Directions: Nothing is to be altered; the data must be repeated exactly.

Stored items
======

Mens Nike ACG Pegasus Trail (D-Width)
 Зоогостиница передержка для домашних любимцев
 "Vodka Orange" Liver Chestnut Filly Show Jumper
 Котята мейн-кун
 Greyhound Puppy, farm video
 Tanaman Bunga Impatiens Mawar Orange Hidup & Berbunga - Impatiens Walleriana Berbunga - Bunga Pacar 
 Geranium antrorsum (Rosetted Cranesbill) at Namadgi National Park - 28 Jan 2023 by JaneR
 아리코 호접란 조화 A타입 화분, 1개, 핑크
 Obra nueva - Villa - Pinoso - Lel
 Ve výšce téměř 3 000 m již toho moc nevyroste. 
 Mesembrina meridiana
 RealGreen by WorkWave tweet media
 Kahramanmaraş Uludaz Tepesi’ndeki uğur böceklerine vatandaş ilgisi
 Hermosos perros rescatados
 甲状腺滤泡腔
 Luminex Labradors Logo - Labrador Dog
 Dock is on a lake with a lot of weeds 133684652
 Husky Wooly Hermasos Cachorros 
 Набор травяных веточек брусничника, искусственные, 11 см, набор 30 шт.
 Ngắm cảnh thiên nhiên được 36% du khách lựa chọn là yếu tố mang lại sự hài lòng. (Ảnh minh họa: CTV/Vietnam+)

======

Solution for this exercise:
Mens Nike ACG Pegasus Trail (D-Width)
 Зоогостиница передержка для домашних любимцев
 "Vodka Orange" Liver Chestnut Filly Show Jumper
 Котята мейн-кун
 Greyhound Puppy, farm video
 Tanaman Bunga Impatiens Mawar Orange Hidup & Berbunga - Impatiens Walleriana Berbunga - Bunga Pacar 
 Geranium antrorsum (Rosetted Cranesbill) at Namadgi National Park - 28 Jan 2023 by JaneR
 아리코 호접란 조화 A타입 화분, 1개, 핑크
 Obra nueva - Villa - Pinoso - Lel
 Ve výšce téměř 3 000 m již toho moc nevyroste. 
 Mesembrina meridiana
 RealGreen by WorkWave tweet media
 Kahramanmaraş Uludaz Tepesi’ndeki uğur böceklerine vatandaş ilgisi
 Hermosos perros rescatados
 甲状腺滤泡腔
 Luminex Labradors Logo - Labrador Dog
 Dock is on a lake with a lot of weeds 133684652
 Husky Wooly Hermasos Cachorros 
 Набор травяных веточек брусничника, искусственные, 11 см, набор 30 шт.
 Ngắm cảnh thiên nhiên được 36% du khách lựa chọn là yếu tố mang lại sự hài lòng. (Ảnh minh họa: CTV/Vietnam+)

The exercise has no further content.